Cela devenait décidément une habitude de venir roder dans les terres abandonnées. Non pas que Triel devienne un acariâtre solitaire, mais disons qu'il appréciait cette ambiance sereine qui planait en ces lieux. En plus d'être un lieu de rencontres, certes pas toujours agréables, ce territoire regorgeait de mystères que le mâle trépignait de découvrir. C'était donc avec un enthousiasme certain qu'il avait faussé compagnie à ses compagnons pour partir se dégourdir les pattes ailleurs. La queue haute, illuminant avec douceur les troncs des arbres entre lesquels il se faufilait, le loup noir trottinant à vive allure. Il ne savait bien évidement pas où il allait, mais s'enfonçait dans les broussailles et bondissait au dessus des buissons sans jamais hésiter. Partout autour de lui, les frémissements rythmés des feuilles, les chants discrets de certains oiseaux téméraires. La mousse rendait ses pas moelleux et il avait l'impression de marcher sur un matelas confortable. Un bref instant, il se dit que les plus vieux loups apprécieraient sans doute de dormir lové contre cette merveille couchette. Son regard démuni de pupilles balaya les environs tandis qu'il progressait sans cesse en avant. Des troncs, noueux et épais, qui fendaient la terre pour lever leurs puissants bras au ciel, troncs qui semblaient étrangement similaires, des feuilles à perte de vue, une lumière diffuse qui teintait les bois d'une lueur verte lorsqu'elle traversait ces feuillages denses. Sa truffe remua en captant le fumet d'une souris, petite créature qui filait entre les herbes pour se réfugier rapidement. Un sourire fin orna les lèvres du loup. Il aimait décidément plutôt bien cet endroit.
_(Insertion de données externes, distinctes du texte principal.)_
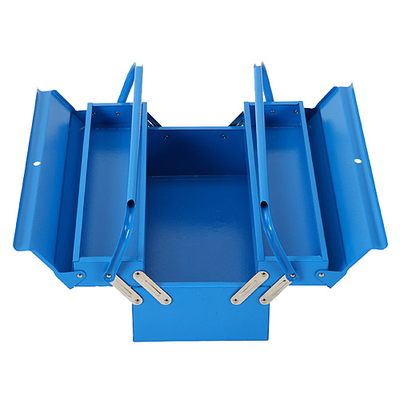 Metal tool box 530x200x130 mm, 3-boxes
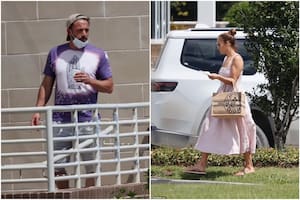 Ben Affleck y Jennifer Lopez estuvieron en aprietos en la previa de su boda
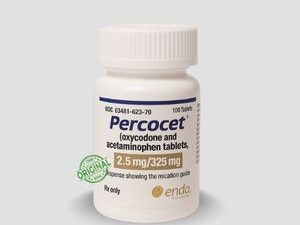 Percocet 2.5/325mg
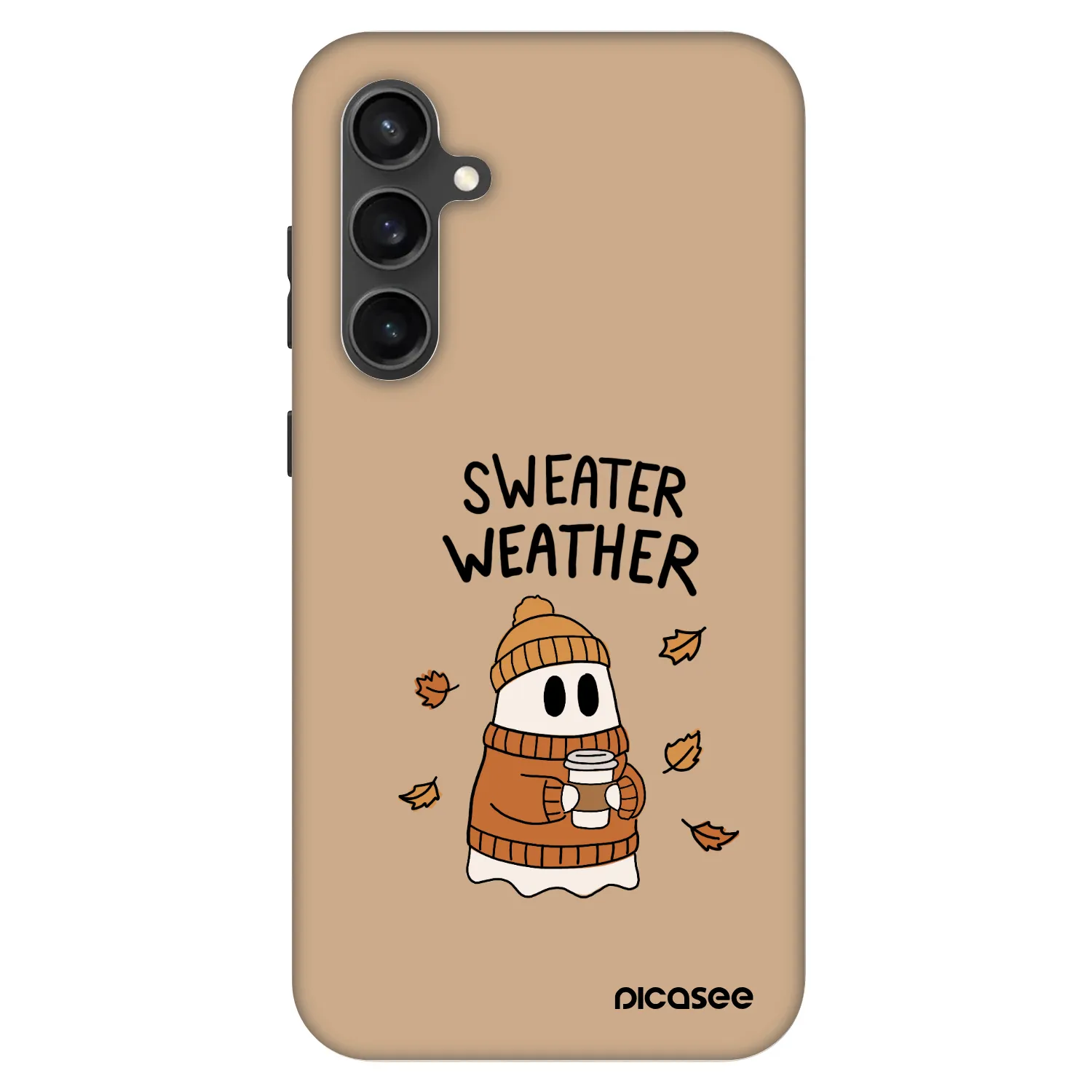 Picasee Fashion Case za Samsung Galaxy S23 FE S711B - Sweater ghost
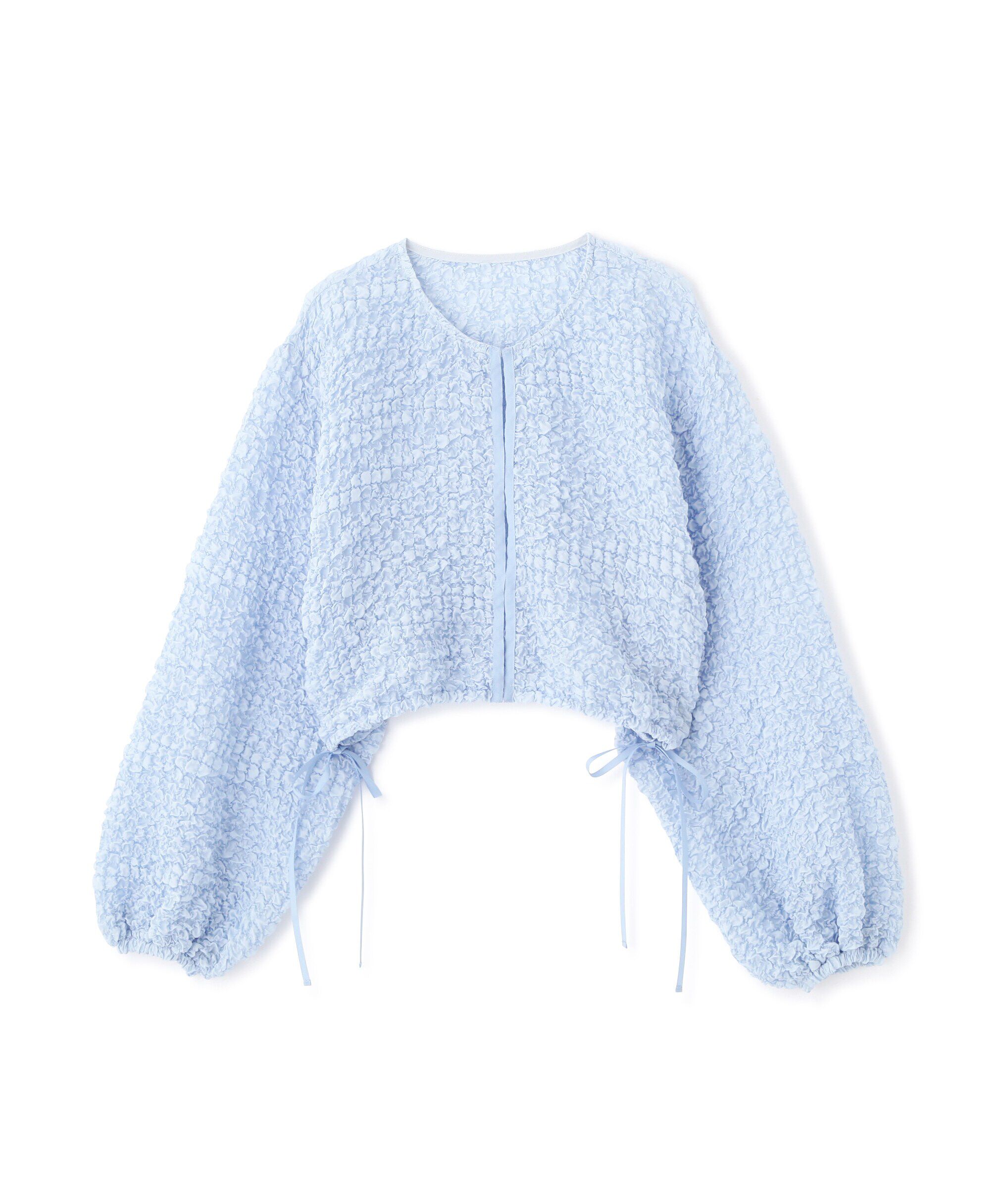  「ぽこぽこシアーブルゾン」|ブルゾン・スタジャン|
Ses pattes l'avaient mené, après de longues minutes passées à caracoler gaiement autour des branchages, non loin d'un fin ruisseau qui coulait entre deux pierres pour se perdre ensuite dans une pente que formait le sol. Triel s'arrêta momentanément, hors d'haleine mais guilleret, pour inspirer à pleins poumons cette senteur caractéristique de mousse et de terre humide. Ses oreilles frémirent et il courba l'échine pour laper délicatement l'eau, les yeux mi-clos. Il n'avait pas réellement soif, mais apprécia la froideur du liquide qui coulait dans sa gueule et jusque dans sa gorge. Le noiraud se figea cependant, relevant vivement la tête, en alerte. Sans bouger une seule patte, il scruta les alentours. Auprès de l'eau, cependant, les herbes poussaient trop drues pour qu'il puisse y voir quelque chose. Il était pourtant certain que quelque chose avait bougé près de lui. Il l'avait sentit. Un oiseau avait décollé, comme avertit d'un danger, et le mâle se fiait souvent à leurs réactions primitives. Il retroussa les babines, les poils de sa nuque se hérissant peu à peu. Là, plus loin, de l'autre côté du fin filet d'eau qui courrait sans se lasser entre les pieds des fleurs sauvages et des plaques d'herbe. Une tache sombre. Une louve. N'était pas assez près, il ne la reconnu pas, et le parfum entêtant des jacinthes qui poussaient à ses pattes l'empêchait de l'identifier. Sa voix résonna sans même qu'il n'y prenne gare, brisant le calme installé depuis son arrivée dans ces bois:
-Bonjour.
La tête haute, le menton relève et la queue droite derrière lui, il contemplait l'inconnu avec l'air de se demander si il devait l'agresser, l'ignorer où bien la respecter. C'était encore une question à résoudre.